WHAT YOU NEED TO DO: Each entry below should be retyped exactly, with nothing omitted.

STUDY MATERIAL:
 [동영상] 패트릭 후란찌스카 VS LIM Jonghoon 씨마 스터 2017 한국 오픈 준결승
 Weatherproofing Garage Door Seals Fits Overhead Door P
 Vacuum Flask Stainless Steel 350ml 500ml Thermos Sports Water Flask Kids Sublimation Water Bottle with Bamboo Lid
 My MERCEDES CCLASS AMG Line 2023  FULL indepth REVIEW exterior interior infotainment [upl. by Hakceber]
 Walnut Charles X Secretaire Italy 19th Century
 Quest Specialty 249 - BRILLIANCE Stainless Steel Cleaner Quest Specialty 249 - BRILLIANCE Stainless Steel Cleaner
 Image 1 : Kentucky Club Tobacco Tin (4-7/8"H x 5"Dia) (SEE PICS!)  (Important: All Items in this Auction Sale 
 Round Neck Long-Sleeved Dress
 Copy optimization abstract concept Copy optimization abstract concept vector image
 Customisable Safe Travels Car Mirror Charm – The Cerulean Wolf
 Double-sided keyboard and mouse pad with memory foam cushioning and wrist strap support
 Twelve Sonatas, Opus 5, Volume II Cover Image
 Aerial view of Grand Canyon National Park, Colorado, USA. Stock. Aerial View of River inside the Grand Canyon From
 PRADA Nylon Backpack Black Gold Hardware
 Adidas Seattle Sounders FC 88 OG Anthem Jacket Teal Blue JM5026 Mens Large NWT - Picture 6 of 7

SOLUTION FOR THIS PROBLEM:
 [동영상] 패트릭 후란찌스카 VS LIM Jonghoon 씨마 스터 2017 한국 오픈 준결승
 Weatherproofing Garage Door Seals Fits Overhead Door P
 Vacuum Flask Stainless Steel 350ml 500ml Thermos Sports Water Flask Kids Sublimation Water Bottle with Bamboo Lid
 My MERCEDES CCLASS AMG Line 2023  FULL indepth REVIEW exterior interior infotainment [upl. by Hakceber]
 Walnut Charles X Secretaire Italy 19th Century
 Quest Specialty 249 - BRILLIANCE Stainless Steel Cleaner Quest Specialty 249 - BRILLIANCE Stainless Steel Cleaner
 Image 1 : Kentucky Club Tobacco Tin (4-7/8"H x 5"Dia) (SEE PICS!)  (Important: All Items in this Auction Sale 
 Round Neck Long-Sleeved Dress
 Copy optimization abstract concept Copy optimization abstract concept vector image
 Customisable Safe Travels Car Mirror Charm – The Cerulean Wolf
 Double-sided keyboard and mouse pad with memory foam cushioning and wrist strap support
 Twelve Sonatas, Opus 5, Volume II Cover Image
 Aerial view of Grand Canyon National Park, Colorado, USA. Stock. Aerial View of River inside the Grand Canyon From
 PRADA Nylon Backpack Black Gold Hardware
 Adidas Seattle Sounders FC 88 OG Anthem Jacket Teal Blue JM5026 Mens Large NWT - Picture 6 of 7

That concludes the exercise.